Alan Rusbridger, editor of the Guardian was handing out the honours this week at the annual Workworld media awards run by the Work Foundation. The gathering was held at the London Picadilly headquarters of BAFTA (The British Academy of Film and Television Arts).
He showed a few slides beforehand, highlighting the predicament of newspapers. One of the slides featured a picture of Renzo Piano's New York Times Tower, now under construction on 42nd street, New York. When finished the tower will provide office space for 10,000 employees.
The next slide featured the unassuming San Franciso house (pictured here) that Craig Newmark and his 22 employees use to produce Craigslist, the internet advertising phenomenon that Rusbridger fears is "sucking the life out of newspapers" with its free access and free advertising deal for most advertisers.
Craigslist's revenue is drawn from paid for job advertisements in various cities and apartment listings in New York. If you look at the advertising rates (the top rate is $75) and note that the site gets 500,000 new jobs advertised every month, the revenue model begins to make sense.
Everything about Craigslist (apart from the HQ and the number of employees) is big. It gets more than 5 bn page views a month, 10m unique visitors and places more than 10m new classified ads each month.
As Rusbridger pointed out, Piano's crystal tower is "old economy". So is Rusbridger's salary: base pay up 14.7 per cent from £272,000 to £312,000 a year as Private Eye was kind enough to remind us this week. I assume his £175,000 bonus awarded on top of that figure recognises that the declining newspaper circulation might have been much steeper without his efforts.
I have been unable to find a salary figure for Craig Newmark (here is his picture gallery instead), founder of Craiglist, but, since it is a not for profit venture, I doubt that it will be anything like the $210m that Home Depot paid its unsuccessful former chief executive, Bob Nardelli, simply to go away.
Jim Buckmaster, the chief executive of Craigslist, has bemused New York analysts by telling them that the aim of the venture is not to maximise profits but to perform a service. Newmark himself does not seem to be switched on by thoughts of cash mountains. He says in this Wired magazine interview that the only thing he lacks is a private parking space.
This is described as "new economy" thinking today but it's not all new. Traditional old economy entrepreneurs wanted to make money, sure enough, but what got them out of bed each day was the desire to make a product or service ever better.
That should still be the aim of the "stewards" who look after public companies today. Instead too many of them spend most of their waking hours talking to analysts, journalists and investors as they concentrate on the ever more feverish activity of buying and selling companies while feathering their individual nests.
What remains unclear to me, is whether the new economy idealists will continue true to their vision of democratic open-sourced, accessible, enterprise or whether they will sell out to the multi-car owning, multi-home-owning, private-jet, luxury yacht lifestyle of almost every other status-building materialist on the planet.

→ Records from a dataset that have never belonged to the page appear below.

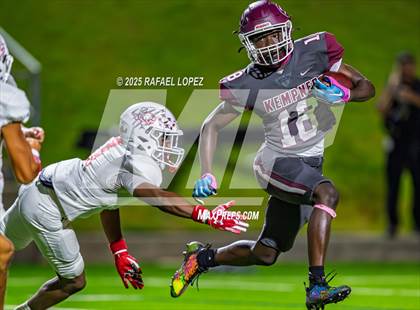 Thumbnail 3 in Crosby @ Fort Bend Kempner photogallery.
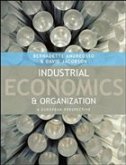 Industrial Economics and Organisation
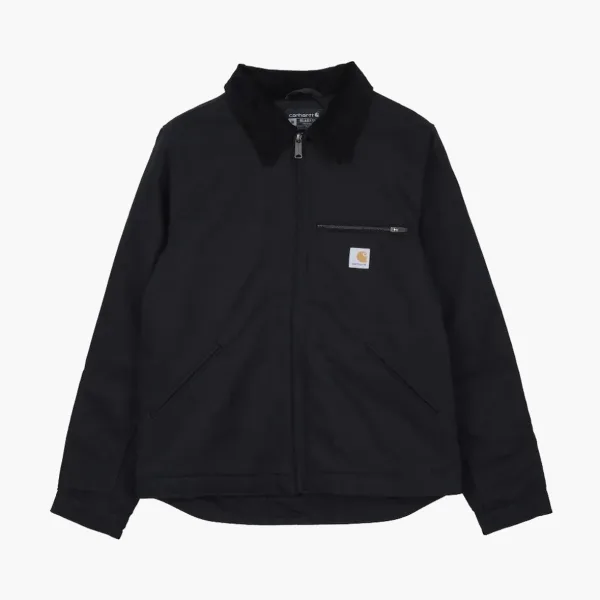 Carhartt 103828-J01J001J97 1 DETROIT JACKET RELAXED FIT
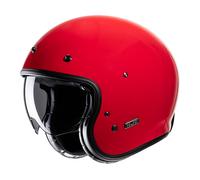 Casco V31 Rosso HJC - UE: XS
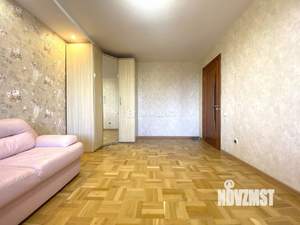 2-к квартира, вторичка, 57м2, 5/10 этаж
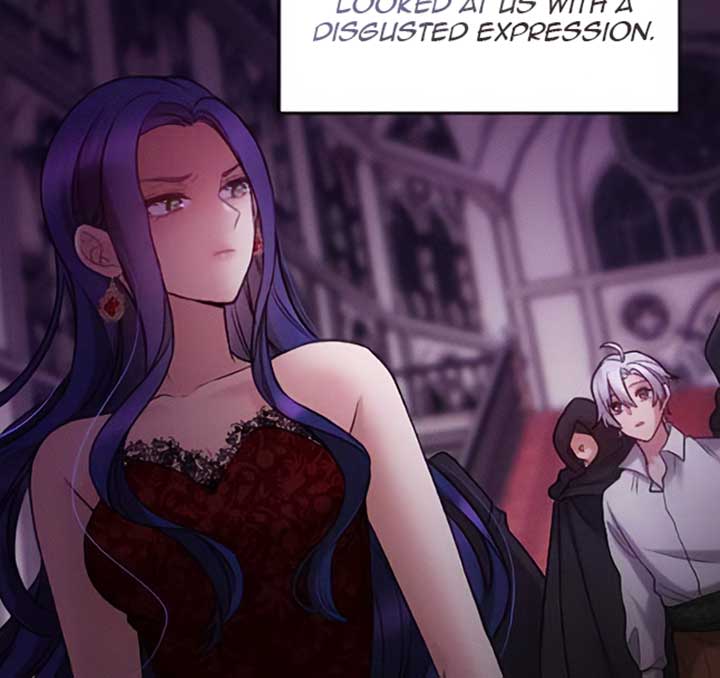 Corrupting the Heroine’s First Love Chapter 40 295 45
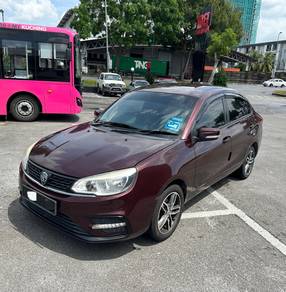 Proton SAGA PREMIUM AT 1.3L (A) FULL LOAN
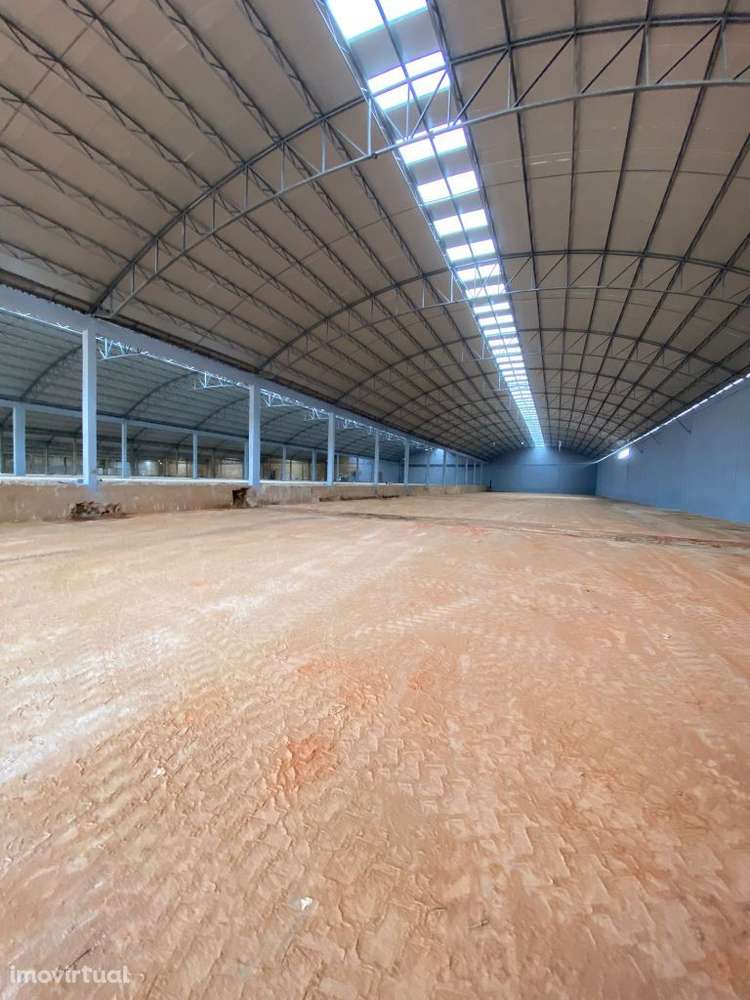 OPORTUNIDADE DE INVESTIMENTO - Armazéns / Indústria em Águeda - Grande imagem: 2/4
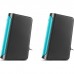 Акустична система REAL-EL S-135 USB Black (EL121100019)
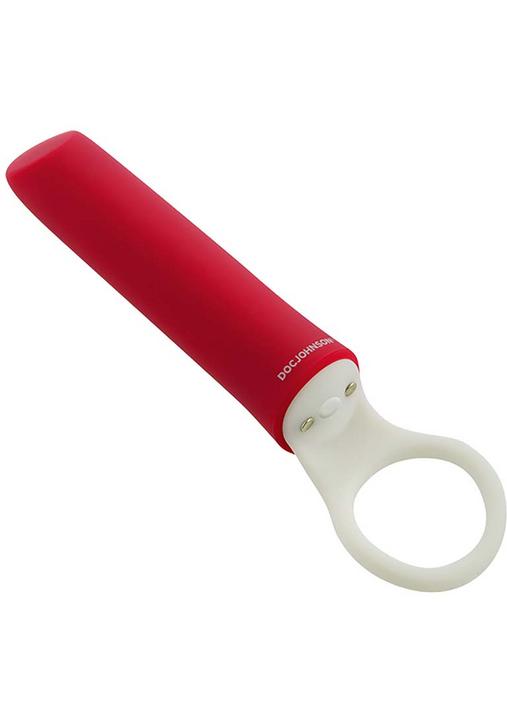 Actual product image Doc Johnson iVibe™ Select - iPlease - Limited Edition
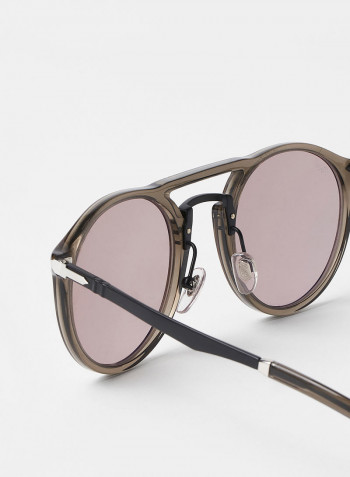 Round Sunglasses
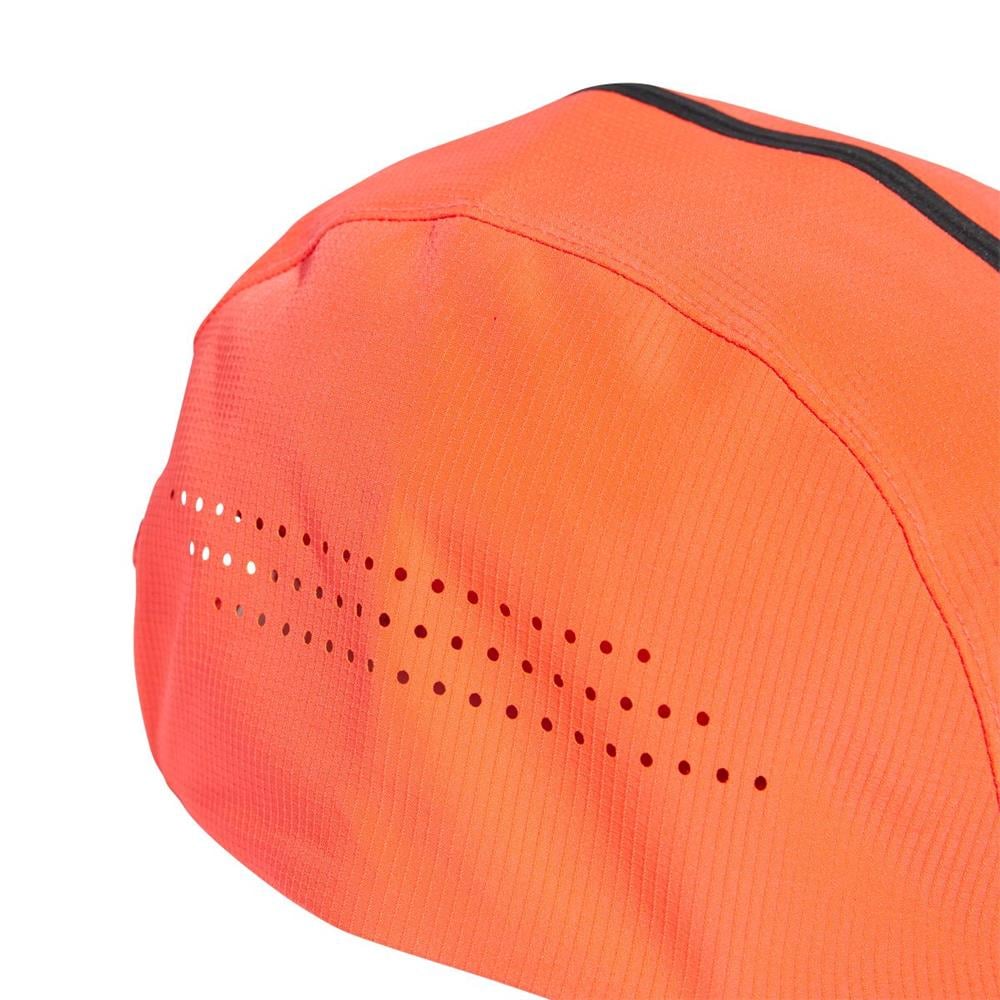 Adidas RUNxADIZ CAP JP2338 Turuncu Şapka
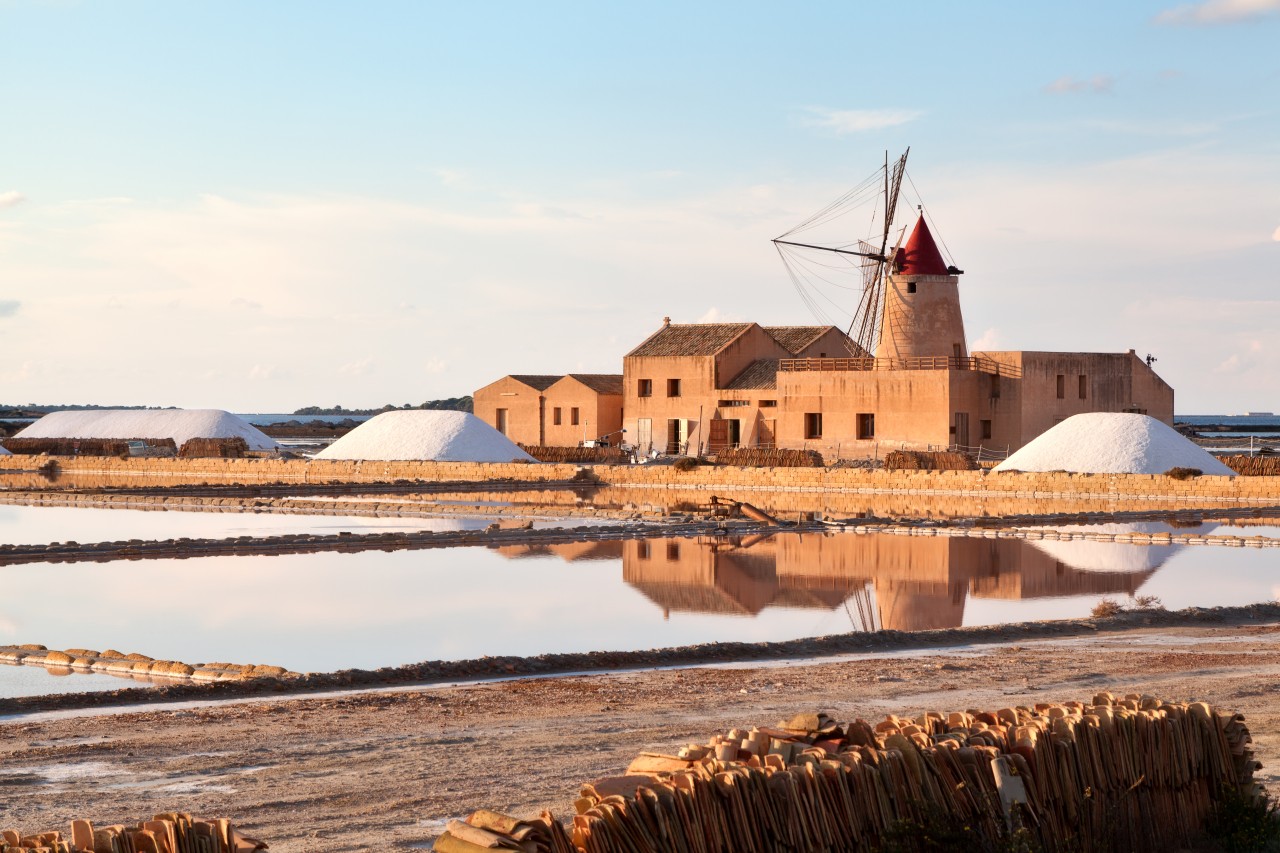 Attrazioni di Marsala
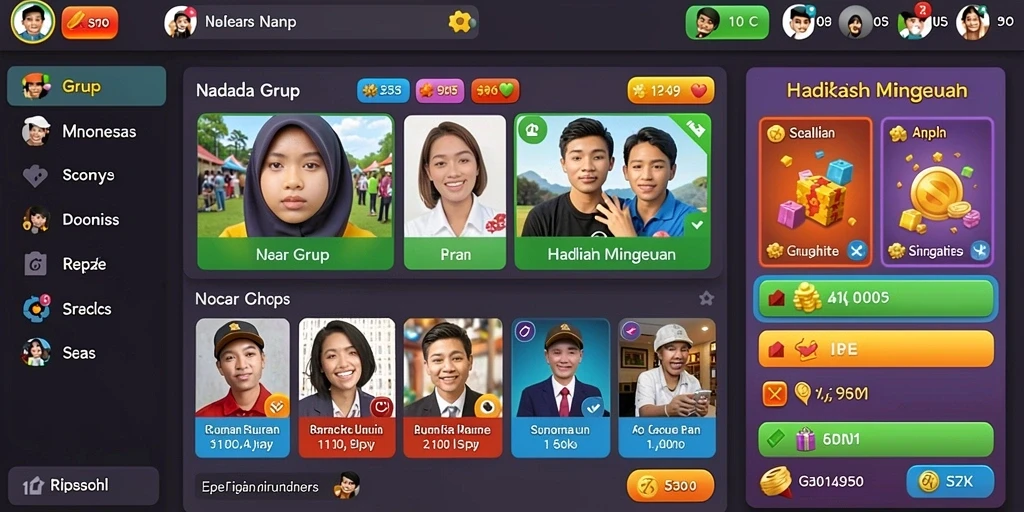 akartoto - Beragam pilihan permainan judi yang tersedia.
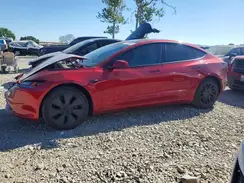 5YJ3E1EB0SF920102 2025 TESLA MODEL 3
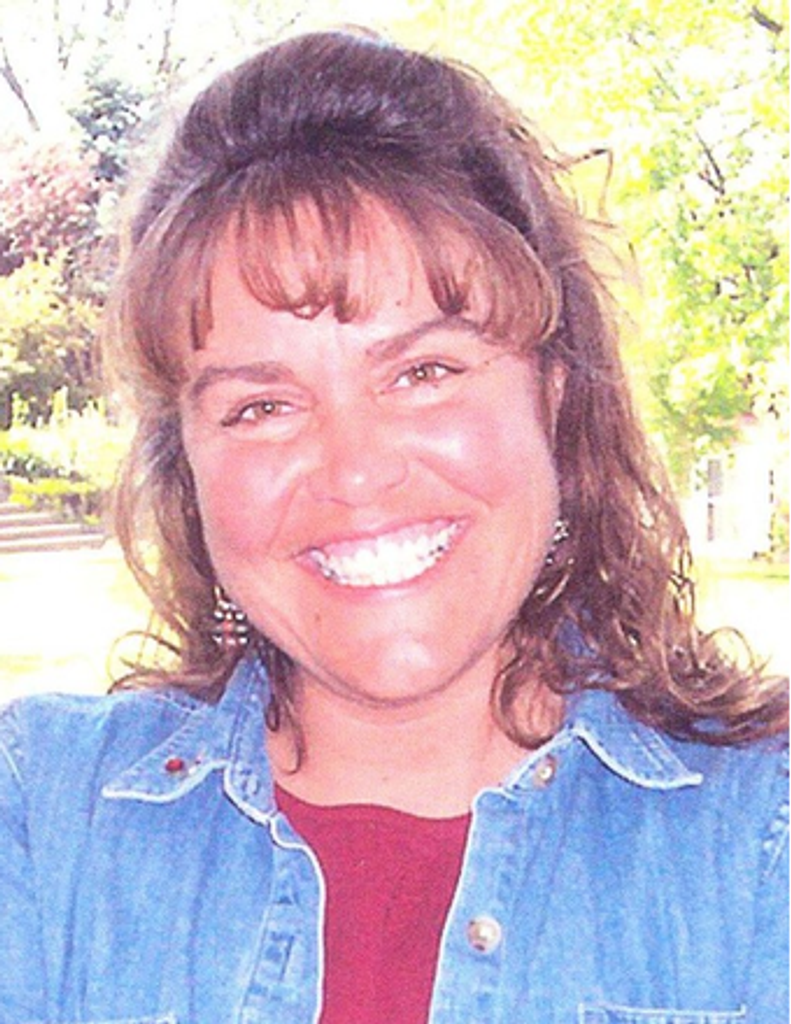 Beth Ann (Strauser) Martin-Orman Profile Photo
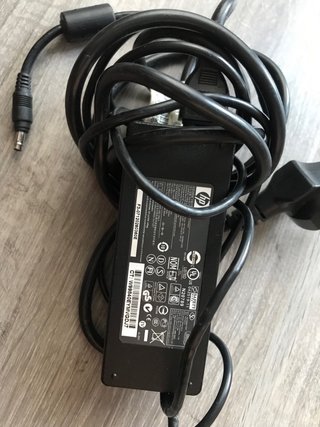 Cargador HP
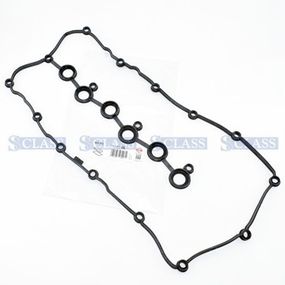 Прокладка клапанной крышки Audi Q7 / VW Passat/Touareg 3.2-3.6 i 05-, Elring, 660.270,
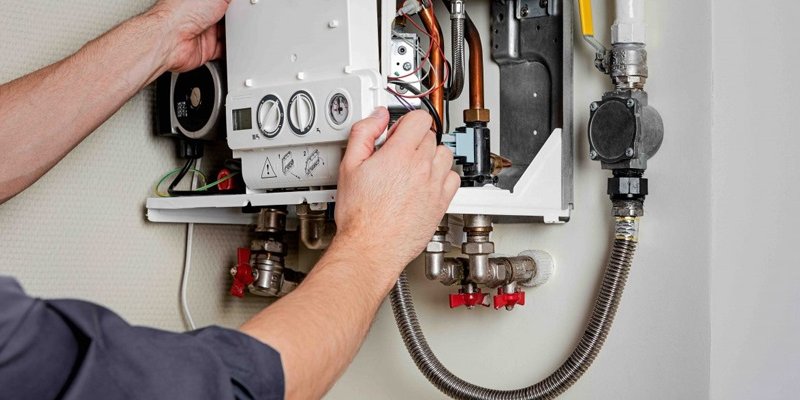 Avcılar Kombi Servisi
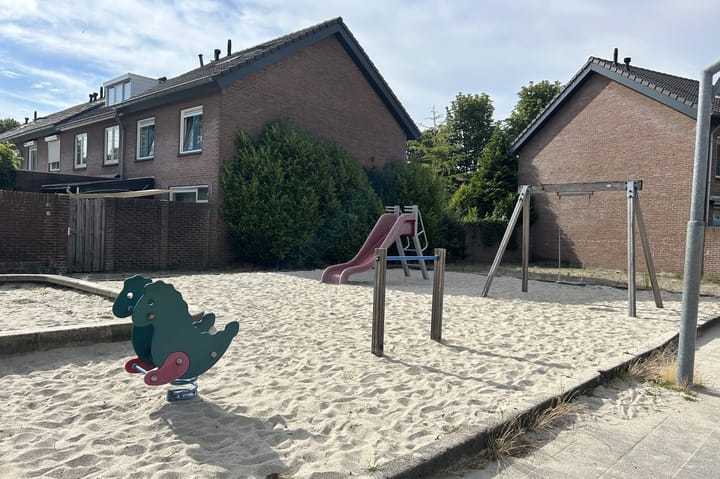 Photo 47 of Uranusstraat 26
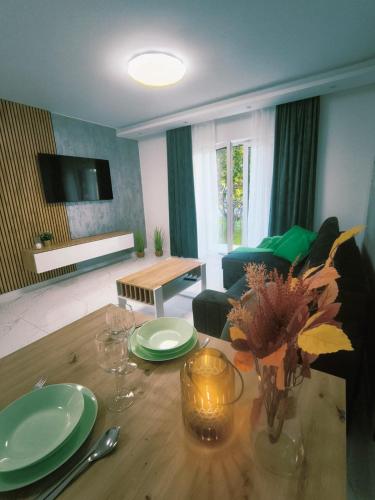 Aura Apartamenty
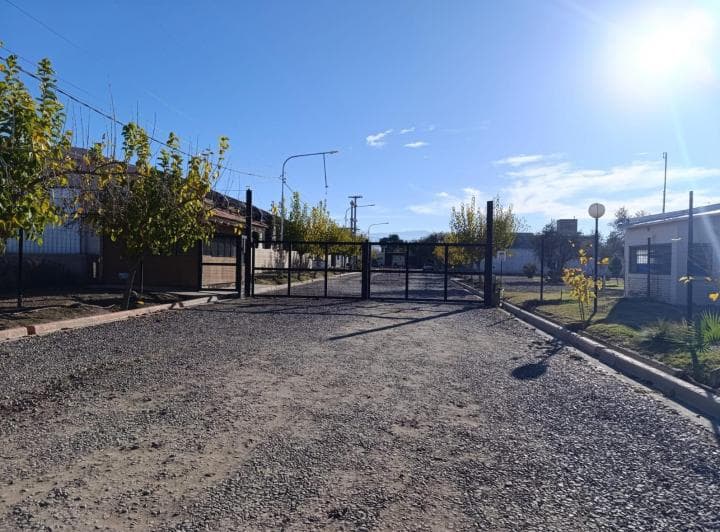Propiedad en Argentina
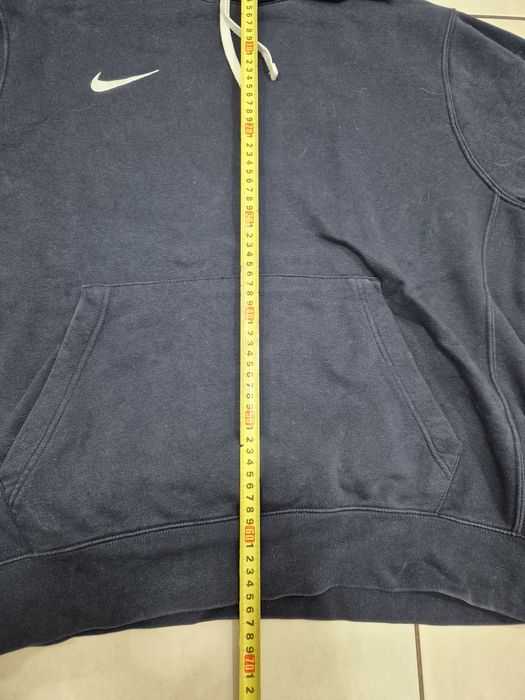 Bluza z kapturem Nike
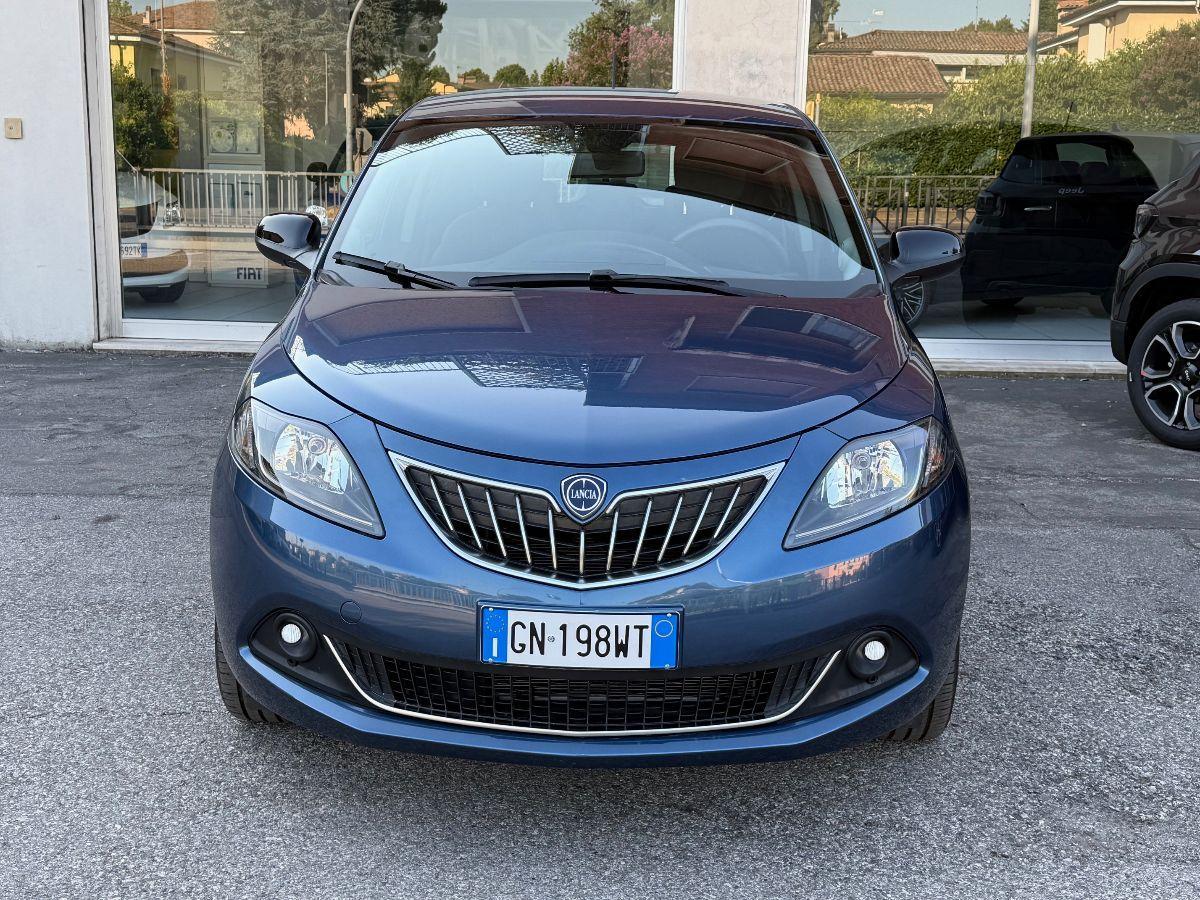 LANCIA - Ypsilon - 1.0 FireFly 5p.S&S Hybryd Gold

I don't include Bill Gates in that roll-call. Whatever you may think about Gates' Puget Sound home, he has committed himself to philanthropic and charitable ventures in the spirit of Andrew Carnegie, the 19th century steel baron whose own ideal of capitalist responsibility was outlined in an essay on wealth, popularly described as his "Gospel of Wealth" in the North American Review. Making your money is one thing. Spending it wisely and judiciously is no less difficult.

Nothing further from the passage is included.